Settled as a colony of Spain in the 1520s, Nicaragua gained its independence in 1821 and became an independent republic in 1838.

Over the last 75 years, however, the people of Nicaragua have been plagued with oppression, revolution, civil war, economic devastation and natural disasters.

In 1937 General Somoza, head of the National Guard, became president by holding fraudulent elections. Somoza ruled Nicaragua as a dictator for the next 20 years, amassing wealth and lands. Although General Somoza was assassinated in 1956, the Somoza dynasty continued through the succession of his sons until 1979.

Widespread opposition to the regime had been present for a long time but it was the devastating earthquake of 1972, and more specifically the way that international aid poured into the pockets of the Somozas while thousands of people suffered and died, that caused opposition to spread among all classes of Nicaraguans.

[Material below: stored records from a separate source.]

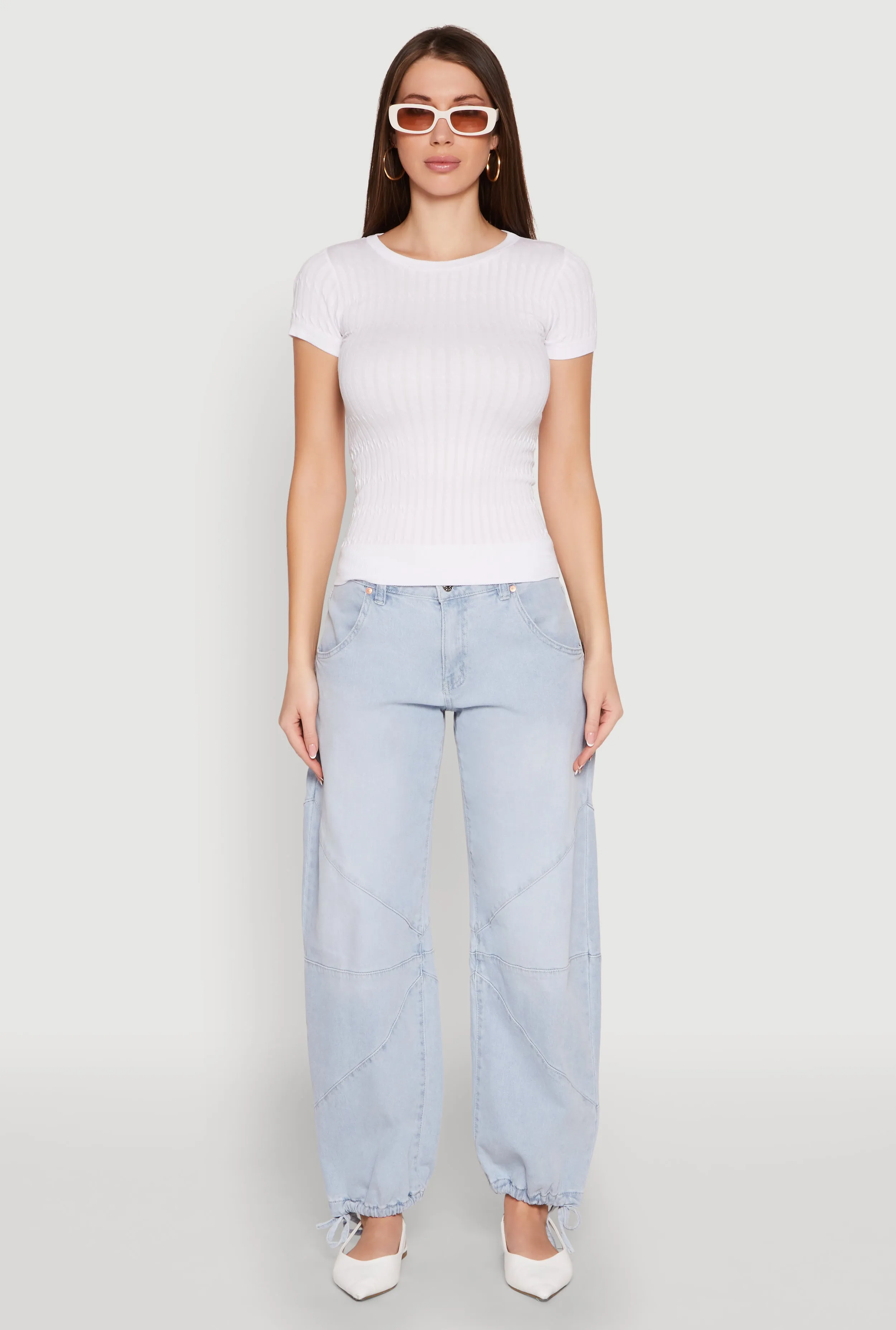Seasonal Outfit Seamless Crew Neck Short Sleeve Top
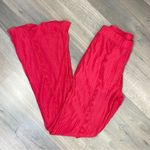 ZARA  Sheer‎ Pleated Ruffle Wide Leg Pull On Pants Pink Medium Flare Naked Photo 14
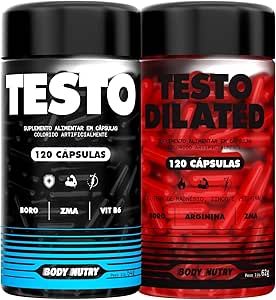 Testosterona kit pote 120 Cápsulas + Testo Dilated - Suplemento Aminoácidos. O combo perfeito para potencializar seus treinos.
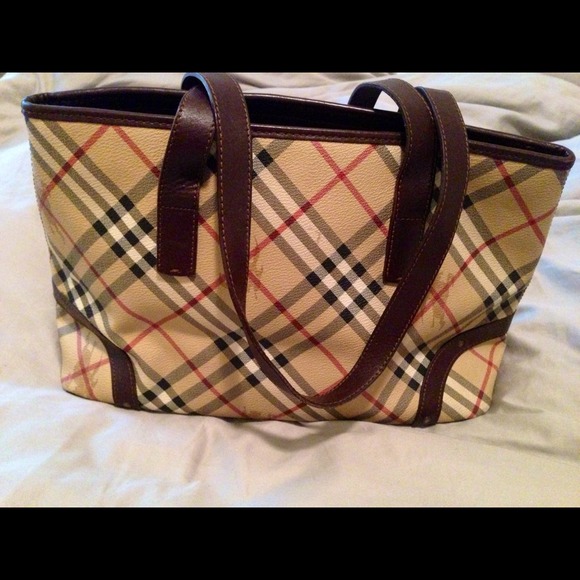 BURBERRY Regent Haymarket Check Tote, Brown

One group formed to counter the regime was the FSLN (Frente Sandinista de LiberaceĆ³n Nacional), better known as the Sandinistas. The revolt spread and former moderates joined with the Sandinistas to overthrow the Somoza regime. The Sandinistas marched victoriously into Managua on 19 July 1979. They inherited a poverty-stricken country with high rates of homelessness, illiteracy and insufficient health care.

Prior to 1979, about 4% of the landowners controlled about 52% of the arable land. The Sandinistas quickly set to work on the equalization of wealth by targeting lands for expropriation.

The Contras were a counter-revolutionary group made up of rightists left over from the Somoza regime. With the discrete help of the US, this counter-revolutionary group, began a guerilla war on the Sandinistas. Through the highly controversial Iran-Contra Affair, the US provided the Contras with financial aid stemming from profits from an illegal arms trade with Iran. The result was a long and bitter civil war that lasted 10 years.

In 1990, Daniel Ortega, then president of Nicaragua, decided to hold free elections within Nicaragua; the civil war was over at last.

Since the 1990s, the country has slowly been working towards rebuilding its economy, but was hard hit by Hurricane Mitch in 1998 and more recently by Herricane Felix in 2007.